Le guépard est un film passionnant mais complexe, à voir et à revoir pour en apprécier les différentes subtilités, les mouvements des personnages qui ne cessent d'évoluer, de se heurter les uns aux autres.
Le prince Salina (Burt lancaster), vieil aristocrate sicilien qui voit et finit par accepter avec lucidité le pouvoir lui échapper au profit d'une bourgeoisie naissante. L'évolution du comportement du personnage tout au long des 3 heures du film est saisissante : on passe d'un homme imbuvable, tonitruant, maître après Dieu de sa terre et de ses habitants à quelqu'un de profondément humain, qui sait qu'il doit passer le relais et qui l'accepte car c'est un ordre nouveau qui apparaît mais un ordre quand même.
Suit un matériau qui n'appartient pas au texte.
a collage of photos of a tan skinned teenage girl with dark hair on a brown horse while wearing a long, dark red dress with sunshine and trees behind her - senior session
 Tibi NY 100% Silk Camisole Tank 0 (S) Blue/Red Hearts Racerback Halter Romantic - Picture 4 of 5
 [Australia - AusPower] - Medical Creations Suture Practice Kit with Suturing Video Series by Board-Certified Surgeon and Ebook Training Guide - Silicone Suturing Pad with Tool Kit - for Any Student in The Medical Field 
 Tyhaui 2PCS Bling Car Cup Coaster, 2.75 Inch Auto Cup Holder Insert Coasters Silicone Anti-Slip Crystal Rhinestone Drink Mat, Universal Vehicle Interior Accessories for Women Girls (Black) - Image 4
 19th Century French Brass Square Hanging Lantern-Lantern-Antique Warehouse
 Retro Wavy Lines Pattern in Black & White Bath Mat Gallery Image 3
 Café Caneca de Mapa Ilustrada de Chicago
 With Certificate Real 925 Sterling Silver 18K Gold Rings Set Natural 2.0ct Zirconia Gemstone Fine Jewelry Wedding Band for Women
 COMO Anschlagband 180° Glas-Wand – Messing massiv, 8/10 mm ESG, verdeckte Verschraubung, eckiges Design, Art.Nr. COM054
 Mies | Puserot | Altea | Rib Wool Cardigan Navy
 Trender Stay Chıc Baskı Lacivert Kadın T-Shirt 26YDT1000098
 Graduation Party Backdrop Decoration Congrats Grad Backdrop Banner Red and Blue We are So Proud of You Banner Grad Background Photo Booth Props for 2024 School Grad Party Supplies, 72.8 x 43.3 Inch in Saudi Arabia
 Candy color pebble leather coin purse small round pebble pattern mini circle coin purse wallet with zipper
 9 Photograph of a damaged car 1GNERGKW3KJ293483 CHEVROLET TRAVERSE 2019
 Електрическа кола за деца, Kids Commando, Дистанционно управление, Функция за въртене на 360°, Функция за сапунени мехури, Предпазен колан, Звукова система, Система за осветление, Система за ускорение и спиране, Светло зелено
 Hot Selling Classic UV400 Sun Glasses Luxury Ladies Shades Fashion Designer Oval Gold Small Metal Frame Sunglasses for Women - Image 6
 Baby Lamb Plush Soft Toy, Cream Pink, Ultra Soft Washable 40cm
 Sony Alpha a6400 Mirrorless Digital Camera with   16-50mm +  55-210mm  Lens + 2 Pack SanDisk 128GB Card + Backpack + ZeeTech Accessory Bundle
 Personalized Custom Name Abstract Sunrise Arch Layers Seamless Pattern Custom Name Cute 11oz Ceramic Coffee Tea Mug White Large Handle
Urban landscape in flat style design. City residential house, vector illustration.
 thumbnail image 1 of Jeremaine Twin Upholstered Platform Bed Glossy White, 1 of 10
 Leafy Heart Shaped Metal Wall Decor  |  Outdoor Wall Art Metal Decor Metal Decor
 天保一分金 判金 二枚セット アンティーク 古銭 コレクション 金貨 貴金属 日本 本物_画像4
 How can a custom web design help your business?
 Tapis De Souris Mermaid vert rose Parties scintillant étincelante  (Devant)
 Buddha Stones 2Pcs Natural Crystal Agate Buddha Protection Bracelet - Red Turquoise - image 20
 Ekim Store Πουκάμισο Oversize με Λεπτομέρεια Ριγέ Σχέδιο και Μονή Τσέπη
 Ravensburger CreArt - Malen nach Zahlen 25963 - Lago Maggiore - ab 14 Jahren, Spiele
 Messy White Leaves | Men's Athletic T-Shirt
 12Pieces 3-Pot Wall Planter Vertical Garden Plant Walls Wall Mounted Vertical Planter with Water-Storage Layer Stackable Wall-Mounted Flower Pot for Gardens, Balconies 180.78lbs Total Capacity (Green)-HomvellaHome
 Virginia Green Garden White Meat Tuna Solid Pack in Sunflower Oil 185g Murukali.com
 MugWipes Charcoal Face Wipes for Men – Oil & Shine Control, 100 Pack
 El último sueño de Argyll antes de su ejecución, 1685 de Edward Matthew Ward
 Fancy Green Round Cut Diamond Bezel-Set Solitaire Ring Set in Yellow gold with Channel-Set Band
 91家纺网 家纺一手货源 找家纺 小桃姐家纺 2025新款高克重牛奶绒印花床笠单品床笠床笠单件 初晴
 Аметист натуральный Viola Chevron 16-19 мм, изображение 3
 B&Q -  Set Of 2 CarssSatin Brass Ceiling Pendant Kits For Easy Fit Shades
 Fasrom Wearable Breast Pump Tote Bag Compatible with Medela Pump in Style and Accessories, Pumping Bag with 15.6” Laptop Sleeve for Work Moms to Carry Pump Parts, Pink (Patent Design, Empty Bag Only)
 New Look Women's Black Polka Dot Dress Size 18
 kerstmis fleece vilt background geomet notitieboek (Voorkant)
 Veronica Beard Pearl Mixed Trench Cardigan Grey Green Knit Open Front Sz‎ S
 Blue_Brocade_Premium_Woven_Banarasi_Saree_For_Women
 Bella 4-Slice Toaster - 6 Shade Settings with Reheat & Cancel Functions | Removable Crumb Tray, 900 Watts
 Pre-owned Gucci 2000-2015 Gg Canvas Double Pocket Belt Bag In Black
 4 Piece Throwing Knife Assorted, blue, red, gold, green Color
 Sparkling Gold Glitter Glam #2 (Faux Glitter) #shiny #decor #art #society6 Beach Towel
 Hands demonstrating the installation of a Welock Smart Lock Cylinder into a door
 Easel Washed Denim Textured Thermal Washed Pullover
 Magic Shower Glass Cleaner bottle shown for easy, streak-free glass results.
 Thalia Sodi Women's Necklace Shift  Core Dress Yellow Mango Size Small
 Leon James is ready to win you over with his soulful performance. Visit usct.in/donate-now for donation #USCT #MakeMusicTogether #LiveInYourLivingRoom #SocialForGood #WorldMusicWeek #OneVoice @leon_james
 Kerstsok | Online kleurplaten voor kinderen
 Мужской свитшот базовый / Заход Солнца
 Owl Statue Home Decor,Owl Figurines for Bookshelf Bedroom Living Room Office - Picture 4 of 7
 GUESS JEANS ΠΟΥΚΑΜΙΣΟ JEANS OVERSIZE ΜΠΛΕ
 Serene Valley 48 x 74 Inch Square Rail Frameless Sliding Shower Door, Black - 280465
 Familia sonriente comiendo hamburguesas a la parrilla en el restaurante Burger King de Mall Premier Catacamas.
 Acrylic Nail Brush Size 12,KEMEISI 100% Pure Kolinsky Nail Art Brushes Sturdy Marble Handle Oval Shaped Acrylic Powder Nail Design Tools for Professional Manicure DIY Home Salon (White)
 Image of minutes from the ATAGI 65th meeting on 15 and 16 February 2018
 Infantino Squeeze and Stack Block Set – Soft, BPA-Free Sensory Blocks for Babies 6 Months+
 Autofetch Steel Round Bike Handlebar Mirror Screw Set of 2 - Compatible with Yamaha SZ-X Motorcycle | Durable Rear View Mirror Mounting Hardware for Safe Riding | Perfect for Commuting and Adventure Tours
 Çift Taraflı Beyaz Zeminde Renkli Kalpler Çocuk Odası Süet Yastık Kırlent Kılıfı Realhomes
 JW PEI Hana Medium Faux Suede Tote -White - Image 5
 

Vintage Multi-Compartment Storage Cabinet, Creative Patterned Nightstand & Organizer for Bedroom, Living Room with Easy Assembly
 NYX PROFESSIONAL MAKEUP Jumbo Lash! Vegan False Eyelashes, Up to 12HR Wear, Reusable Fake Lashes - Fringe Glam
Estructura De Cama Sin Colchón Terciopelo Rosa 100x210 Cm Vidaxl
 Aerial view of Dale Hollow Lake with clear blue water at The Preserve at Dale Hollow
La scène magnifique, pendant le bal, de l'hommage de Claudia Cardinale à Lancaster sous l’œil de Delon est d'une beauté à couper le souffle.
Le comte Tancrède, neveu du prince Salina (Delon), opportuniste, plein de vie, pleinement adoubé par Salina, va savoir unir les 2 mondes à son profit ; on devine à la fin qu'il se lancera dans la politique, un autre façon de se maintenir au pouvoir.
Angelica (Claudia Cardinale), de basse extraction mais belle à damner tous les saints, représente le renouveau de la société. Et comme le dit Lancaster lui-même, elle représente la vie bien mieux que ses propres filles laides comme des guenons (dixit) à force de mariages consanguins.
Et puis, le père de Claudia Cardinale, le maire du village, fruste, propriétaire et nouveau riche, celui qui s'empare du pouvoir et établit un nouvel ordre, pas pire que l'ancien...
Sans oublier Don Francisco (Serge Reggiani), homme du peuple qui reste fidèle à l'ancien régime par reconnaissance.
Et l'Eglise dans tout ça ? Eh bien, elle s'adapte au nouveau pouvoir, comme d'habitude. Elle est représentée par un Jésuite, confesseur du Prince. Comme dit le Prince à son confesseur qui tarde un peu à prendre le virage, "est-ce que l'Eglise ne sacrifierait pas l'aristocratie pour se maintenir en place ?"
D'un point de vue technique, l'image de la Sicile, des personnages, du bal, etc... est splendide et la réalisation superbe et puissante.
Je ne citerai que la longue scène initiale où la caméra, indiscrète, s'approche lentement de la salle où a lieu la prière collective comme si elle était attirée et fascinée. Et une fois dans la pièce, l'apparente ferveur et "communion" de l'ensemble de la famille apparaît peu à peu factice et se délite à l'annonce des perturbations à venir.
Film magnifique dont on ne voit pas passer les 3 heures. Palme d'Or en 1963 à Cannes pleinement méritée. A recommander. A posséder chez soi pour le plaisir de se replonger dans le tourbillon de l'Histoire.